Efficient way to write a lot of lines to a text file
Asked Answered
J

3

11

I started off doing something as follows:

using (TextWriter textWriter = new StreamWriter(filePath, append))
{
    foreach (MyClassA myClassA in myClassAs)
    {
        textWriter.WriteLine(myIO.GetCharArray(myClassA));

        if (myClassA.MyClassBs != null)
            myClassA.MyClassBs.ToList()
                .ForEach(myClassB =>
                    textWriter.WriteLine(myIO.GetCharArray((myClassB)));

        if (myClassA.MyClassCs != null)
            myClassA.MyClassCs.ToList()
                .ForEach(myClassC =>
                    textWriter.WriteLine(myIO.GetCharArray(myClassC)));
    }
}

This seemed pretty slow (~35 seconds for 35,000 lines).

Then I tried to follow the example here to create a buffer, with the following code, but it didn't gain me anything. I was still seeing times around 35 seconds.
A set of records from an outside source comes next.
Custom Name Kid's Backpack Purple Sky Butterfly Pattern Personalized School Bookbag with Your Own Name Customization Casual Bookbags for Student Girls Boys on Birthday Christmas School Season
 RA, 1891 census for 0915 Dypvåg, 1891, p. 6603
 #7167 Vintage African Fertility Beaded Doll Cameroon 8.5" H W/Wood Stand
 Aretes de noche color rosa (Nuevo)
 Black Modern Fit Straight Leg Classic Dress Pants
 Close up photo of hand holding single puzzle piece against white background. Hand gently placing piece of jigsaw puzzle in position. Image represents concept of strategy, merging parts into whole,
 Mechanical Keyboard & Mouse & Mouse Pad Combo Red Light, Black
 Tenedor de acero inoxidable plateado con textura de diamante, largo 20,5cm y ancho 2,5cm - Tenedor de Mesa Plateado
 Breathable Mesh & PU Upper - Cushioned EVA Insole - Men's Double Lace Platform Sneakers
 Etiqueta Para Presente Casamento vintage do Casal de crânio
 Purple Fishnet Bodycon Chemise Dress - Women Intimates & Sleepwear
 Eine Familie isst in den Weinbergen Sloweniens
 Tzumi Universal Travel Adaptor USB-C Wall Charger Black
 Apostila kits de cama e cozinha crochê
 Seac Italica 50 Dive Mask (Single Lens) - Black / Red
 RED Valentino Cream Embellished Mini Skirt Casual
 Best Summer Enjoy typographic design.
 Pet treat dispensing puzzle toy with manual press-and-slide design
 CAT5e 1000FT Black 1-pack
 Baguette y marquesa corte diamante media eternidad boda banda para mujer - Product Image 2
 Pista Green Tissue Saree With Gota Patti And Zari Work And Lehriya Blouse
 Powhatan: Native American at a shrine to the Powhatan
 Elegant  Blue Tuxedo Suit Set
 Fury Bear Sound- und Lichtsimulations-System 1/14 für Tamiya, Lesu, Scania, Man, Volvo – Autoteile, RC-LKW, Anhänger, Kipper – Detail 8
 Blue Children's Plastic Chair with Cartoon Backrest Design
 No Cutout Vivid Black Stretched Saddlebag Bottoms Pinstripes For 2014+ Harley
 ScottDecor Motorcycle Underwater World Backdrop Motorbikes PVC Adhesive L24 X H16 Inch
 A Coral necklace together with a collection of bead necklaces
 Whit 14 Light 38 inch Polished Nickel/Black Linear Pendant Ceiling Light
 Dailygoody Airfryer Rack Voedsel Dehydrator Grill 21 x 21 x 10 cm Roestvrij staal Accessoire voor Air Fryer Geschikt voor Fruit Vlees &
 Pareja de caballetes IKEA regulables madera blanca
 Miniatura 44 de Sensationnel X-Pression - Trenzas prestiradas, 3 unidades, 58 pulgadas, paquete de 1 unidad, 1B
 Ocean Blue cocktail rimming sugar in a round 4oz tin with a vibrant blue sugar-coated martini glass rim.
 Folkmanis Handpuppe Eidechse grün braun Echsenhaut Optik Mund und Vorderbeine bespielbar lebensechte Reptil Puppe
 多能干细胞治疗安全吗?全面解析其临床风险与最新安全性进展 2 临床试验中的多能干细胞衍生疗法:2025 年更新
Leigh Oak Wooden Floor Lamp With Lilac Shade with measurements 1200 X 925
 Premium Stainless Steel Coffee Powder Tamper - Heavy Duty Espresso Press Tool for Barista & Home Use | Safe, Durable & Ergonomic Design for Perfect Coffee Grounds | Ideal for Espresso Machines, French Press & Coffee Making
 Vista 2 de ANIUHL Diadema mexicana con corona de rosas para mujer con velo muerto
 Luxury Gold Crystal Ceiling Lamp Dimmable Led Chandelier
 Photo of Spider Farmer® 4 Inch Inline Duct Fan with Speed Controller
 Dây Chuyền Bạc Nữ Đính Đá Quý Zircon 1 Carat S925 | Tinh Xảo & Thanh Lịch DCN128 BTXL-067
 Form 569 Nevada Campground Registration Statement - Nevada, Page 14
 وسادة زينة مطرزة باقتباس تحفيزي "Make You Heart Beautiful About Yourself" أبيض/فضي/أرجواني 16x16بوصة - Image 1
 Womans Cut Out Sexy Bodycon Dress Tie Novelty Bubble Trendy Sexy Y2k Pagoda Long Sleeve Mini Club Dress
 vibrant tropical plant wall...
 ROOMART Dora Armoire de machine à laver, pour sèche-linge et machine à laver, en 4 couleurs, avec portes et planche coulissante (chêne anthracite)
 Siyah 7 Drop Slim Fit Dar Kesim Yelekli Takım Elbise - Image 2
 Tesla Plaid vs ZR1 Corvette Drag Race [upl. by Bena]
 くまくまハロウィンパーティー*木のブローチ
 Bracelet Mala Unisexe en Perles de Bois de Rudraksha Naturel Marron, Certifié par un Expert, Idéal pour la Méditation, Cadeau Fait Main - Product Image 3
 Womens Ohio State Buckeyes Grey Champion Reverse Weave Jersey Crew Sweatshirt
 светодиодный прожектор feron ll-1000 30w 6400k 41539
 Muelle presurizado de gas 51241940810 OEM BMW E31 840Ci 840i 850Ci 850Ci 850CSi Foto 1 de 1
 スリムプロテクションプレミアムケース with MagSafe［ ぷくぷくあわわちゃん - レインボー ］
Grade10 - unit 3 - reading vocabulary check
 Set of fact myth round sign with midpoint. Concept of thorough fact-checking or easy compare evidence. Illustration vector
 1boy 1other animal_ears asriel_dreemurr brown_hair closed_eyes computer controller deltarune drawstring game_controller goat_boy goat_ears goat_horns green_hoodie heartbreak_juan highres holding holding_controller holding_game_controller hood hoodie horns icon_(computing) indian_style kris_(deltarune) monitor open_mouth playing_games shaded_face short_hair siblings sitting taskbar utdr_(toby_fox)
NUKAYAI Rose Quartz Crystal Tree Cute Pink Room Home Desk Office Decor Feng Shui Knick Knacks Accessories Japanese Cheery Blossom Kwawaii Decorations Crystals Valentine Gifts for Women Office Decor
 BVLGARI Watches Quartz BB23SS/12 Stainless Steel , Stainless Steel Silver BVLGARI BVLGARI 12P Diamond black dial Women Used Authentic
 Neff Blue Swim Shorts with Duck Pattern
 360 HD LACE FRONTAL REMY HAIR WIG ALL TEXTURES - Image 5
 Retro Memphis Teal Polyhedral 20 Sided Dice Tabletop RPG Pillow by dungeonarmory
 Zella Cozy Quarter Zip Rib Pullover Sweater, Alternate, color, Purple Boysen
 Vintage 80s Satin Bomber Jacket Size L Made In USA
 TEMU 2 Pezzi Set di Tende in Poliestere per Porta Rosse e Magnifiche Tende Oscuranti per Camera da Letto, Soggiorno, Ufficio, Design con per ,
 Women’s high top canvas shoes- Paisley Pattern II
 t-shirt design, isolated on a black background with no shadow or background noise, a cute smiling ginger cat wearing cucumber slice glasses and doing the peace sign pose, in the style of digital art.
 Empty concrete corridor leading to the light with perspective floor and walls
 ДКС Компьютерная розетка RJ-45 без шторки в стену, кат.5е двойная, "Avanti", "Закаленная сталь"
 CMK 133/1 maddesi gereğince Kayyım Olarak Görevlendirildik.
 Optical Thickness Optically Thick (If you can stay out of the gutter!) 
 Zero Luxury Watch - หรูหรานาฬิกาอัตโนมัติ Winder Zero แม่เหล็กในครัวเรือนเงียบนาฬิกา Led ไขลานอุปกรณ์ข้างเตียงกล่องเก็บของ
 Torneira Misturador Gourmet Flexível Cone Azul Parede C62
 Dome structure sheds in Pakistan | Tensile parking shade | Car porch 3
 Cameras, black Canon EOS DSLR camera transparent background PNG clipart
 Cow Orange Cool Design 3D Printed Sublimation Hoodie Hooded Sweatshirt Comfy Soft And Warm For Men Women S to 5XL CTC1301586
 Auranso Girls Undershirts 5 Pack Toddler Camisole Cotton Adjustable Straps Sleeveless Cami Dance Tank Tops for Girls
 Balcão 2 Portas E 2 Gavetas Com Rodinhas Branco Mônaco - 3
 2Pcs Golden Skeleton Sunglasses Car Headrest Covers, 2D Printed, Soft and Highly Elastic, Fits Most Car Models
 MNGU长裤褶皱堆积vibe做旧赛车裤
Is there an error in how I implemented the buffer?

using (TextWriter textWriter = new StreamWriter(filePath, append))
{
    char[] newLineChars = Environment.NewLine.ToCharArray();
    //Chunk through 10 lines at a time.
    int bufferSize = 500 * (RECORD_SIZE + newLineChars.Count());
    char[] buffer = new char[bufferSize];
    int recordLineSize = RECORD_SIZE + newLineChars.Count();
    int bufferIndex = 0;

    foreach (MyClassA myClassA in myClassAs)
    {
        IEnumerable<IMyClass> myClasses =
            new List<IMyClass> { myClassA }
                .Union(myClassA.MyClassBs)
                .Union(myClassA.MyClassCs);

        foreach (IMyClass myClass in myClasses)
        {
            Array.Copy(myIO.GetCharArray(myClass).Concat(newLineChars).ToArray(),
                0, buffer, bufferIndex, recordLineSize);

            bufferIndex += recordLineSize;

            if (bufferIndex >= bufferSize)
            {
                textWriter.Write(buffer);

                bufferIndex = 0;
            }
        }
    }

    if (bufferIndex > 0)
        textWriter.Write(buffer);
}

Is there a better way to accomplish this?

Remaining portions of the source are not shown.